Tabi ki bu noktada genç ve çocuklarla zaman geçirmeyi seven, fedakâr davetçilere ihtiyaç vardır. Bu davetçilerden olabileceklere sesleniyorum; eğer yeni neslin yetişmelerine bu zamanınızı ayırmazsanız, o zamanınız boş kalmayacak, belki de dünya meşakkati ve sıkıntıları ile dolacaktır. Gelin bu boş zamanlarınızı Allah’ın davasına ayırın ve Rabbiniz dünyevi sıkıntılarınızı azaltsın. Yoksa boş gecelerinizi veya hafta sonlarınızı bu işe ayırmazsanız, Allah muhafaza belki de bu zamanlarınızı farkında olmadan film izleyerek, Sosyal Medyadaki videolara bakarak ya da boş boş gezme veya çay bahçelerinde boş muhabbetlerle geçirecek ve zarar edeceksiniz. Anlatılır ki; profesyonel bir davetçi, her yıl hakkı olan yıllık iznini ilk kez kullanayım, der. Bir ay izne ayrılır. Kendisi anlatıyor:
‘İzne ayrıldım, ertesi gün çocuk hastalandı. Hastane vs. ile uğraştım, bu arada hanım bana kızdı, vb. birçok problem yaşadım ve iznimin yedinci gününde bırakıp davet çalışmama geri döndüm. Niye döndün diyenlere de; bir hafta zor dayandım, istirahat edeceğimi zannediyordum ama anladım ki dünya imtihan yeridir. Zamanı iyi bir amelle doldurmazsan, başka şeylerle dolacaktır, dedim’
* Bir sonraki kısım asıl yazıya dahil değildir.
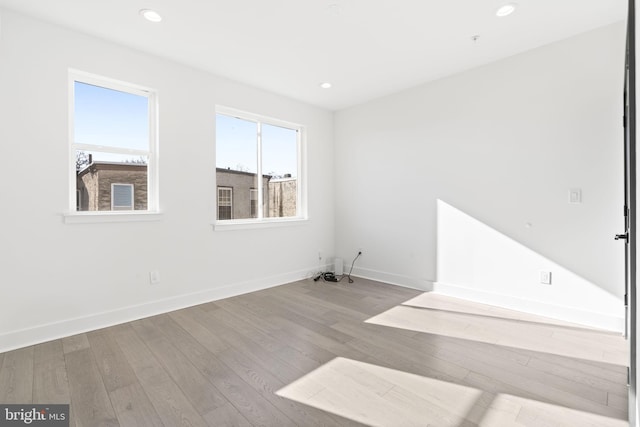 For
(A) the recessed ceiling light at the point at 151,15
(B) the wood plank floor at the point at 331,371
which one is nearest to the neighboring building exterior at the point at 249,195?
(B) the wood plank floor at the point at 331,371

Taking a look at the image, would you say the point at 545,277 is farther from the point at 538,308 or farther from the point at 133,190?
the point at 133,190

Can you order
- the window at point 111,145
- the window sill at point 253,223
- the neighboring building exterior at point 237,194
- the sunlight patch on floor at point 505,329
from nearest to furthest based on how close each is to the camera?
the sunlight patch on floor at point 505,329 → the window at point 111,145 → the window sill at point 253,223 → the neighboring building exterior at point 237,194

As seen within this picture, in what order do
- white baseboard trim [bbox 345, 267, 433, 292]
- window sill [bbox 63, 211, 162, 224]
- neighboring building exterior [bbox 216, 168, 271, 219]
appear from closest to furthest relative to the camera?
1. window sill [bbox 63, 211, 162, 224]
2. neighboring building exterior [bbox 216, 168, 271, 219]
3. white baseboard trim [bbox 345, 267, 433, 292]

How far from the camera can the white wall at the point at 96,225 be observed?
7.93 ft

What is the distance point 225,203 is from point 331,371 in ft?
8.11

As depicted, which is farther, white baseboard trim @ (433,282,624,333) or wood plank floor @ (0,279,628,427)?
white baseboard trim @ (433,282,624,333)

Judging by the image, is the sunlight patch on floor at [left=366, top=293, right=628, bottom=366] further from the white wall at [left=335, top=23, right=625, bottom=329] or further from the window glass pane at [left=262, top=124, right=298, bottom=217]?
the window glass pane at [left=262, top=124, right=298, bottom=217]

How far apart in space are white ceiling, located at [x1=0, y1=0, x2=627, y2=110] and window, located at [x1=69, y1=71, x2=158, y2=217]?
1.59ft

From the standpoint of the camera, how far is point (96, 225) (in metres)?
2.80

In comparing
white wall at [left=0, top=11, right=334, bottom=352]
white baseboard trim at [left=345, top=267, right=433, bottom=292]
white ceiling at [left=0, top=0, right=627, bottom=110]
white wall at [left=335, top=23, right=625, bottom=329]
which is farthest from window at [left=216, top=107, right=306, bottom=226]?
white baseboard trim at [left=345, top=267, right=433, bottom=292]

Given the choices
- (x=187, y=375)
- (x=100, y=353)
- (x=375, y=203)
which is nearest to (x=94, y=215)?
(x=100, y=353)

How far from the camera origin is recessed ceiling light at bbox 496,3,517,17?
240cm

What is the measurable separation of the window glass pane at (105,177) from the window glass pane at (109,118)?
130 mm

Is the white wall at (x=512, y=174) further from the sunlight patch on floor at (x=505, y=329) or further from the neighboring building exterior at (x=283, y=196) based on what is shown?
the neighboring building exterior at (x=283, y=196) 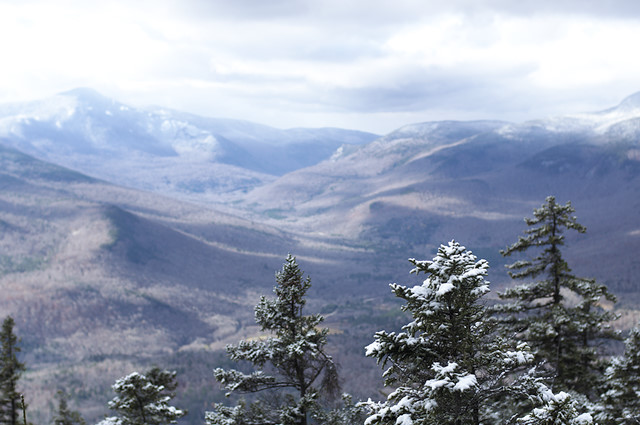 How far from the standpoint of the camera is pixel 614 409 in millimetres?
21953

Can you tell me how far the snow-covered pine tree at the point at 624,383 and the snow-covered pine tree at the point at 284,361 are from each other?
12154 millimetres

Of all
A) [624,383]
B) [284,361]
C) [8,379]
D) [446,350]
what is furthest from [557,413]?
[8,379]

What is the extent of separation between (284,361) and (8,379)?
52.7 feet

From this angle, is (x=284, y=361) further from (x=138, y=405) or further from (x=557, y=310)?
(x=557, y=310)

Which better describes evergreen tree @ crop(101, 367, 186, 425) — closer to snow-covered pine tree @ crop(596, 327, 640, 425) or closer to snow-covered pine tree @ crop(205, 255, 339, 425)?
snow-covered pine tree @ crop(205, 255, 339, 425)

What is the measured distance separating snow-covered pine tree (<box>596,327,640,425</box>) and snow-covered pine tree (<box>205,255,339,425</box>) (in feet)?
39.9

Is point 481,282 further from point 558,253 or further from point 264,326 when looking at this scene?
point 558,253

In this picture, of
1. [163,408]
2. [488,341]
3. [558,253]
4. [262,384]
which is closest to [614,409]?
[558,253]

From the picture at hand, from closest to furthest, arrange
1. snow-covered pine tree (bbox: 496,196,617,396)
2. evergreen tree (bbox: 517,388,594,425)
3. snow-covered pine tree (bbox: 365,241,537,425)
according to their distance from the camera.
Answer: evergreen tree (bbox: 517,388,594,425) → snow-covered pine tree (bbox: 365,241,537,425) → snow-covered pine tree (bbox: 496,196,617,396)

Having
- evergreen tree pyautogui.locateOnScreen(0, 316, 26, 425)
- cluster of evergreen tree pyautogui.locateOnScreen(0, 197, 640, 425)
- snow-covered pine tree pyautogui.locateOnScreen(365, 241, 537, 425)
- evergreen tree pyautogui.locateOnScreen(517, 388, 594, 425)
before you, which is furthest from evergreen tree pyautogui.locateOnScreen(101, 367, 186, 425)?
evergreen tree pyautogui.locateOnScreen(517, 388, 594, 425)

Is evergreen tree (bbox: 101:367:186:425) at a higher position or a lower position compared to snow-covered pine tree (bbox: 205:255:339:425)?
lower

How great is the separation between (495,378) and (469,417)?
1180mm

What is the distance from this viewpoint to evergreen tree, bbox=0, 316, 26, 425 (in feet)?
79.0

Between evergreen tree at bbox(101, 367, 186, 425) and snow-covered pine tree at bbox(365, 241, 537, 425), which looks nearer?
snow-covered pine tree at bbox(365, 241, 537, 425) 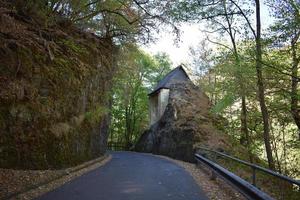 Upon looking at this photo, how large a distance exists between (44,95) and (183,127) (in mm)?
15053

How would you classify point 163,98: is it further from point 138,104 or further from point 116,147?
point 138,104

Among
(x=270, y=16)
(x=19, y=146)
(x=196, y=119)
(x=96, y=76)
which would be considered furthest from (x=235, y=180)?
(x=196, y=119)

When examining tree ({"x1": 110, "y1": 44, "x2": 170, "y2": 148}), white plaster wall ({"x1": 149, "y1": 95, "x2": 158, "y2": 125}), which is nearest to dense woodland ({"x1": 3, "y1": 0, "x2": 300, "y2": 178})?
white plaster wall ({"x1": 149, "y1": 95, "x2": 158, "y2": 125})

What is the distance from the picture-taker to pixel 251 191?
6.02m

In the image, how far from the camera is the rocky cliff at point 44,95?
32.0ft

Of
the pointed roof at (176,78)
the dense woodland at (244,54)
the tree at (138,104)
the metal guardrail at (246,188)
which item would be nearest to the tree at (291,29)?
the dense woodland at (244,54)

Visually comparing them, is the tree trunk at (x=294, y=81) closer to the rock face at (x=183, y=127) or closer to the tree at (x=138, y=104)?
the rock face at (x=183, y=127)

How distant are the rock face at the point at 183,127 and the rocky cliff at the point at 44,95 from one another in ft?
25.4

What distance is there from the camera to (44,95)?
12055mm

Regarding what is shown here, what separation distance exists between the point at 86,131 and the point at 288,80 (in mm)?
10251

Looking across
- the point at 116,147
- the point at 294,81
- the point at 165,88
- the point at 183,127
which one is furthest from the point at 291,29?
the point at 116,147

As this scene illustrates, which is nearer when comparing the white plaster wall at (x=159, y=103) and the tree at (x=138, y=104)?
the white plaster wall at (x=159, y=103)

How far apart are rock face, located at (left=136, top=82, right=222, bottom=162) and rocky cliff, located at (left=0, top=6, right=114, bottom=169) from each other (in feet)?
25.4

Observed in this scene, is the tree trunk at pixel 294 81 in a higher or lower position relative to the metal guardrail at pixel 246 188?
higher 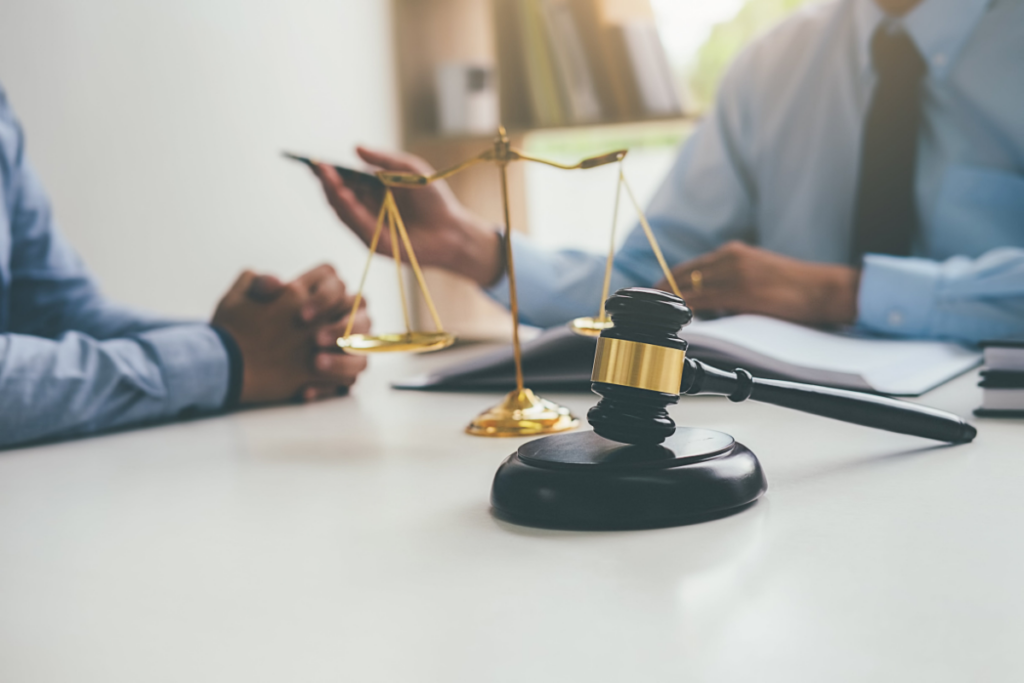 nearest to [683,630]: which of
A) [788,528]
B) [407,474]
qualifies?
[788,528]

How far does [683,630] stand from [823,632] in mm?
60

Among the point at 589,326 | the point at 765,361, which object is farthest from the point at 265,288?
the point at 765,361

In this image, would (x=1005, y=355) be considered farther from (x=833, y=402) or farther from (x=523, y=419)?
(x=523, y=419)

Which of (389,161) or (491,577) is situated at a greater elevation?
(389,161)

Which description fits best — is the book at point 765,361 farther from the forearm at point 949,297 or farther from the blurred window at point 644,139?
the blurred window at point 644,139

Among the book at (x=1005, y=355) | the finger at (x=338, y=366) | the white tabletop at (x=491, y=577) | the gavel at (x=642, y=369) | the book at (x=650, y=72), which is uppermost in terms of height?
the book at (x=650, y=72)

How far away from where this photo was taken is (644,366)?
1.78 feet

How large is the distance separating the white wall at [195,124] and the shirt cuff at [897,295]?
5.11 ft

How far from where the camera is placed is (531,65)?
2.49 metres

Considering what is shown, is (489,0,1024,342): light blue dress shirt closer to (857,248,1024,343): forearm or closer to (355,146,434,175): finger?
(857,248,1024,343): forearm

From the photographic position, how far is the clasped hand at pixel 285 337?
1115 millimetres

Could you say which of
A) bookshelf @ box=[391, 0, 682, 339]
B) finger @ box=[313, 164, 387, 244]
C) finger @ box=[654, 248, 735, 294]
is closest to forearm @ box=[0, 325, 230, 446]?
finger @ box=[313, 164, 387, 244]

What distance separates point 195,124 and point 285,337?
4.13ft

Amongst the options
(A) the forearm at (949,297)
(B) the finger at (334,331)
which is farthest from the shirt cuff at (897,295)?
(B) the finger at (334,331) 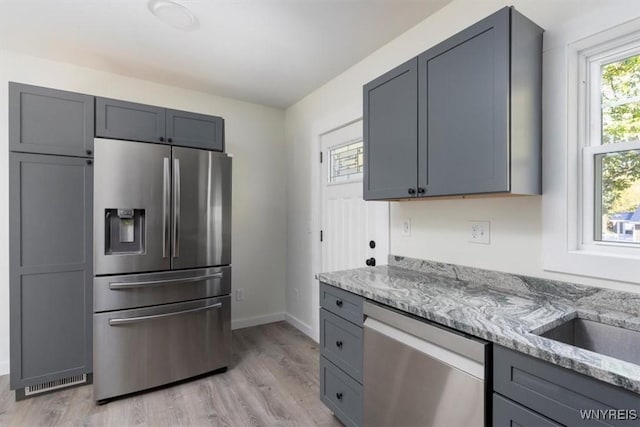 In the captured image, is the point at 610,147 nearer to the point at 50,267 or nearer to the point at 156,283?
the point at 156,283

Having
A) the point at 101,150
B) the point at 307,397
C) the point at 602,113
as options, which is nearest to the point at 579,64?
the point at 602,113

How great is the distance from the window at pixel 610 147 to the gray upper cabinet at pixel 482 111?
18 centimetres

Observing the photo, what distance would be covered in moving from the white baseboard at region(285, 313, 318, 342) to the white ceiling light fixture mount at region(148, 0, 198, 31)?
9.12 feet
Tabi, bir yanlışa da düşmemek lazım… Maalesef ülkemizdeki İslâmî çalışmalarda yaygın olan eğitim veya davet hedefi içermeyen sadece eğlenme içerikli bir İslâmî çalışma metodunun bir faydası yoktur. İslâmî cemaat, vakıf ve derneklerin görevi yeni nesli eğlendirmek değil, eğitmektir. Ama eğitimi eğlenceli hale getirerek yapmak süreklilik ve verim açısından gerekli ve önemlidir.